PRETÉRITO IMPERFECTO
Los Reyes no son los padres
Romper de cuajo la Navidad es cortar los eslabones que nos unen de generación a generación
Desconocemos el día exacto en que decidimos empezar a destruir la Navidad. Como si los antihéroes de Charles Dickens se hubieran rebelado en pleno cuento frente a la bondad que los seducía. Sin quererlo saber, es una manera de destruirnos a nosotros mismos. Al niño que llevamos dentro y que aprendió a serlo en gran medida por esos días en los que cobraba sentido soñar. Todo era distinto.

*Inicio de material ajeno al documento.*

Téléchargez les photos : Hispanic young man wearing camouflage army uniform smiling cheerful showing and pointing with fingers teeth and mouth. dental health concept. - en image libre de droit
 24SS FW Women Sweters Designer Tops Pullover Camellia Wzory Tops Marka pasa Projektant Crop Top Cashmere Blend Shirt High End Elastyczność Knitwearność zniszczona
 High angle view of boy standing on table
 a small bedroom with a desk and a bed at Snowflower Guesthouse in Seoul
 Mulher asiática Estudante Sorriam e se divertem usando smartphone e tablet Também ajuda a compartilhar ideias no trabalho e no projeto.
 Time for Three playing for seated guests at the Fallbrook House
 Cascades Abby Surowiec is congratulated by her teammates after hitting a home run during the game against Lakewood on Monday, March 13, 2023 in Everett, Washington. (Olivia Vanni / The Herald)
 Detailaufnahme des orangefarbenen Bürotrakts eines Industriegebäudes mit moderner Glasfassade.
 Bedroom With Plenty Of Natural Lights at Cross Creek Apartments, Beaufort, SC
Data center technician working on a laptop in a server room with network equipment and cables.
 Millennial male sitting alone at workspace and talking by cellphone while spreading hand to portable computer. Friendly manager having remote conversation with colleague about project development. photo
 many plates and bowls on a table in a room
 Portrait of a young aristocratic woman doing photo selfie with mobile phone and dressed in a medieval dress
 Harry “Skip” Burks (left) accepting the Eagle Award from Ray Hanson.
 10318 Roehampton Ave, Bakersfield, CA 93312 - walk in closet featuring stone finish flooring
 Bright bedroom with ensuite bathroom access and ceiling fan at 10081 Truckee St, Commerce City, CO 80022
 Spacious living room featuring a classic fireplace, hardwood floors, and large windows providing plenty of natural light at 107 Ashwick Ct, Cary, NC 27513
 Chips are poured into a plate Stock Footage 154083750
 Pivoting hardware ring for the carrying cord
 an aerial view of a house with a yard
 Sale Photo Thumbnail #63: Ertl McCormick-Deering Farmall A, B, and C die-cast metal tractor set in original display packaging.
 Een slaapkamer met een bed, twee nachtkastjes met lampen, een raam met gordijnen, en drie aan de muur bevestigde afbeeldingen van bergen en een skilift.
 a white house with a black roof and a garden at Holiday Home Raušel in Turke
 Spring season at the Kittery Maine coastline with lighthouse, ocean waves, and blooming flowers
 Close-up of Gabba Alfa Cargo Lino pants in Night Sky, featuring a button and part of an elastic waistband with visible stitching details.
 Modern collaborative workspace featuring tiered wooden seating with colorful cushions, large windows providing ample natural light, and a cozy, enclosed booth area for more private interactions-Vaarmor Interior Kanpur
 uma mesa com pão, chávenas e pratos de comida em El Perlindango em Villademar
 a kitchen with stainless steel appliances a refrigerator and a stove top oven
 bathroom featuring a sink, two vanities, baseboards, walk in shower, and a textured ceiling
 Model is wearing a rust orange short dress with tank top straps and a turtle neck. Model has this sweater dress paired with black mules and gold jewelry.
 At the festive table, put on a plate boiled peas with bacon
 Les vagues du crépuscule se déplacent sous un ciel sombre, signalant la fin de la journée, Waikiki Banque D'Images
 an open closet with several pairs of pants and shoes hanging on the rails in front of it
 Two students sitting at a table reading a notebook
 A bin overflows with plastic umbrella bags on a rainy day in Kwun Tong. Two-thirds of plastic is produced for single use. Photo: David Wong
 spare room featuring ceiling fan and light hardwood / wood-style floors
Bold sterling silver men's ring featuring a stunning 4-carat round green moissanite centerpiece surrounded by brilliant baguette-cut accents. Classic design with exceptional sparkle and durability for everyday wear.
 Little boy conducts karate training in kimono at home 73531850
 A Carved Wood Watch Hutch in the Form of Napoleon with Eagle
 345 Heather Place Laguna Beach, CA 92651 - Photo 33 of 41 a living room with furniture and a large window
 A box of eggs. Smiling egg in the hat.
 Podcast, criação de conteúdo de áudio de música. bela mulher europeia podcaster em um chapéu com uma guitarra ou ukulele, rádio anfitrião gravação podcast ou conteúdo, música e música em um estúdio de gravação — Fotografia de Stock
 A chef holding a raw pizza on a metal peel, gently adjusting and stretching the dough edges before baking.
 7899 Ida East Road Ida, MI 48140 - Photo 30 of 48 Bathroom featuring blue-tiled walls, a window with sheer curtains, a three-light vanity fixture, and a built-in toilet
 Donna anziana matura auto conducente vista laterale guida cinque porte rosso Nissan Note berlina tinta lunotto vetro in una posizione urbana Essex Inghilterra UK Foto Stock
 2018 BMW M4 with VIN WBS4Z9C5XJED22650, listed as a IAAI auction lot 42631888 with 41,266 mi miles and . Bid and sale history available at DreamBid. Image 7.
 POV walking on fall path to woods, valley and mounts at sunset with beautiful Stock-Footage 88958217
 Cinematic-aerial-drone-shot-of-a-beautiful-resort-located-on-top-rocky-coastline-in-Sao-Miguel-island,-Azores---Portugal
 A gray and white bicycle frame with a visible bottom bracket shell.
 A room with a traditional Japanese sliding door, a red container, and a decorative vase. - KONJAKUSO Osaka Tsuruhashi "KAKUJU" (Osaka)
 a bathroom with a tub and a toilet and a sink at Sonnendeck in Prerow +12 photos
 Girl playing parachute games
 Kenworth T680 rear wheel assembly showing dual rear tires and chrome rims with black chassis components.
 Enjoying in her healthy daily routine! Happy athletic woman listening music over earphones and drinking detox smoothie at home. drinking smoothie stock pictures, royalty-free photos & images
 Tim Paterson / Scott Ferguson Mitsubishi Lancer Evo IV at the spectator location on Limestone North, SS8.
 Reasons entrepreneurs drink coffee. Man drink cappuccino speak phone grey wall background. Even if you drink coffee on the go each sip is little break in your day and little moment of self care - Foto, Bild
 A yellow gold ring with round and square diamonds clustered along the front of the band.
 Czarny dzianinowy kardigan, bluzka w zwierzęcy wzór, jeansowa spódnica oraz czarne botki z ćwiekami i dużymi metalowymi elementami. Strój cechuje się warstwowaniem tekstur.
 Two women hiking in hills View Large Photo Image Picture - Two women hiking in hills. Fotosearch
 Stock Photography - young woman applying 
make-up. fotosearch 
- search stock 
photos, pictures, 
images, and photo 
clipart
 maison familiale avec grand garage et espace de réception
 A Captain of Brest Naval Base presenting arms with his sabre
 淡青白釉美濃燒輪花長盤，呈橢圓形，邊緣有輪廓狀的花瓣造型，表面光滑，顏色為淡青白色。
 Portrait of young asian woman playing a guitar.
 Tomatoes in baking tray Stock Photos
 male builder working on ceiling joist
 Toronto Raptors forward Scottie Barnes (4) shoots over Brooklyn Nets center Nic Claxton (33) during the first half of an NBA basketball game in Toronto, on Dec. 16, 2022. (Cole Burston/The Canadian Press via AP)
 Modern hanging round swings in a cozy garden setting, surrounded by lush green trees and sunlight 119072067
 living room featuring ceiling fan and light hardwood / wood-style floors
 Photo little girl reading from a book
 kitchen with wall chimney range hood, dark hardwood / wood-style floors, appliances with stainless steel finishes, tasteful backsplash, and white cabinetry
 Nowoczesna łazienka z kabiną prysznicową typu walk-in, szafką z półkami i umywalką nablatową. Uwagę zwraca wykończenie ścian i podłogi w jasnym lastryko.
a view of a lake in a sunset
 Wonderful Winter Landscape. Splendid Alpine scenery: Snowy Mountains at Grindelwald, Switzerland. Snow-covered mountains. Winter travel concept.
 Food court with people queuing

En el fondo, la Navidad sólo se puede transmitir de niño a niño, aunque sus edades y sus roles difieran en la escena real. Nuestra empatía con la vida está muchas veces sujeta al tiempo que dejamos que ese infante nos siga habitando. Cuando le cerramos la puerta con llave, arranca el final.
Y aún resulta más peligroso cuando nuestra pretensión erosiva se proyecta a los pequeños seres que nos rodean. Romper de cuajo la Navidad es cortar los eslabones que nos engarzan de generación en generación. Lo escuchado, lo sentido, lo vivido, lo anhelado, lo contado... En definitiva, lo que somos: seres de costumbres, tradiciones, cultura. Como decía César González-Ruano, «morir es perder la costumbre de vivir».
Pero la tradición nos estorba hoy más que nunca. Sobre todo, si ésta contiene rasgos judeocristianos, sello bíblico. Iglesia Católica o hasta algún tipo de liturgia pagana. Acudimos prestos y disciplinados a cualquier celebración importada. Vindicamos el exotismo religioso. Admiramos Halloween, lo calcamos con esmero, disfrazamos a nuestros hijos por el qué dirán, pero denostamos la Navidad, escondemos los Belenes y plegamos las alas a sus angelitos. La escondemos, la fingimos, la usamos a nuestro antojo. Disfrutamos de sus bienes gananciales y su calendario en rojo. La omitimos con descaro en una simple felicitación institucional que la evoque. ¿Cómo puede toda una alcaldesa de una ciudad como Córdoba , desde su puño y letra oficial, felicitar estos días a sus vecinos, en su mayoría católicos —y hasta los no católicos que así lo hacen— con una soflama insípida que solapa un simple «Feliz Navidad»...? ¿Acaso somos tontos...?
Esta secuencia con ribetes paroxistas que hemos vivido con la Cabalgata de Reyes Magos y el adelanto de los cortejos por la lluvia nos es más que otro síntoma de esta huida. La prueba manifiesta de que somos incapaces de enfrentarnos a la frustración, a la educación del «no» frente a la abundancia tramposa de la sobreprotección. ¡Cómo vamos a dejar a los niños sin Cabalgata por la lluvia! ¡Hagámosla en el Mayo festivo, aprovechando la Batalla de las Flores, y de faralaes..!
Si hay en el relato bíblico un pasaje lleno de fantasía absoluta ése es el camino de los Magos de Oriente. De unos astrónomos, de unos sabios, de unos filósofos, según se ha interpretado por los estudiosos en la historia, que en el fondo nos están iniciando en el camino hacia una verdad que cualquiera de nosotros intentará el resto de su vida encontrar. Un viaje, una estrella, unos presentes...
Una historia simbólica que es subvertida y encauzada ahora hacia este presentismo absurdo, efímero, sin fondo, por unos políticos temerosos de perder su poltrona por cuatro caramelos y por unos cooperadores necesarios llamados padres, dispuestos a confesar a poco que se nos apriete con el cuestionario psicológico que los «Reyes son Amazon», con tal de que las criaturas no se enfaden y dispongan al instante de un regalo en sus manos transportado por un dron hasta la puerta de casa tras encargarlo en la aplicación móvil de turno y antes de que nos acaben dando la noche.
Los Reyes no son los padres, por mucho que algunos se empeñen en demostrar lo contrario.